Given records:
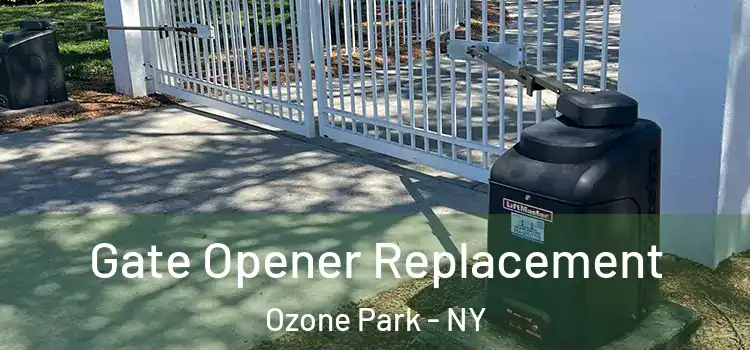 Gate Opener Replacement Ozone Park - NY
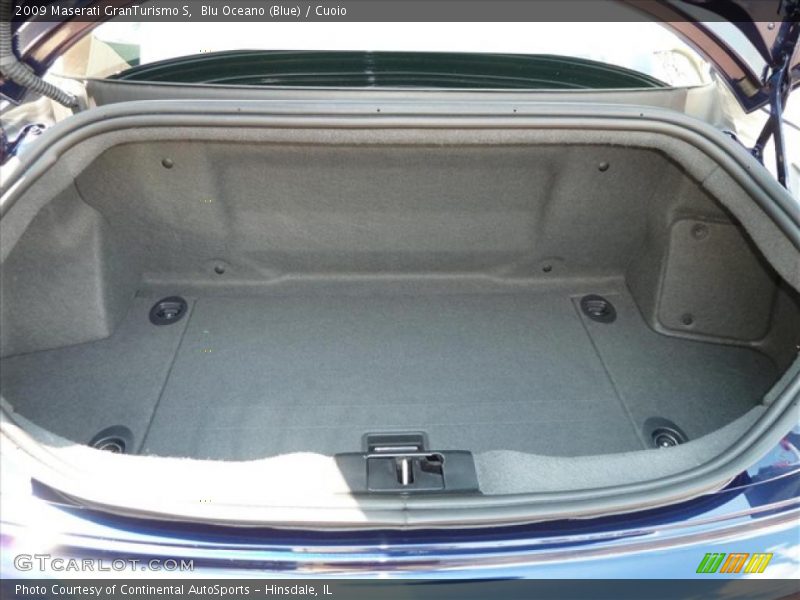 Blu Oceano (Blue) / Cuoio 2009 Maserati GranTurismo S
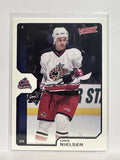 #64 Chris Nielsen Columbus Blue Jackets 02-03 Upper Deck Victory Hockey Card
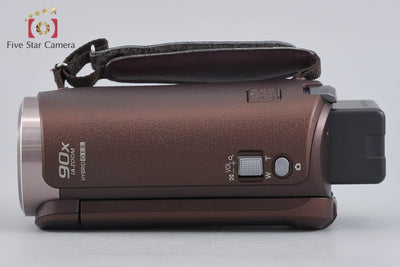 【中古】Panasonic パナソニック HC-W585M ブラウン ビデオカメラ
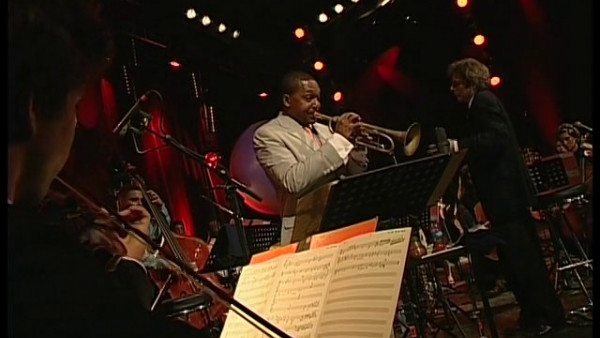After You’ve Gone - Wynton Marsalis with the Toulouse Conservatory Orchestra at Jazz in Marciac 2005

Instructions to follow:
Reproduce the records verbatim, omitting all images they contain.

Solution for this task:
 Gate Opener Replacement Ozone Park - NY
 Blu Oceano (Blue) / Cuoio 2009 Maserati GranTurismo S
 #64 Chris Nielsen Columbus Blue Jackets 02-03 Upper Deck Victory Hockey Card
 【中古】Panasonic パナソニック HC-W585M ブラウン ビデオカメラ
After You’ve Gone - Wynton Marsalis with the Toulouse Conservatory Orchestra at Jazz in Marciac 2005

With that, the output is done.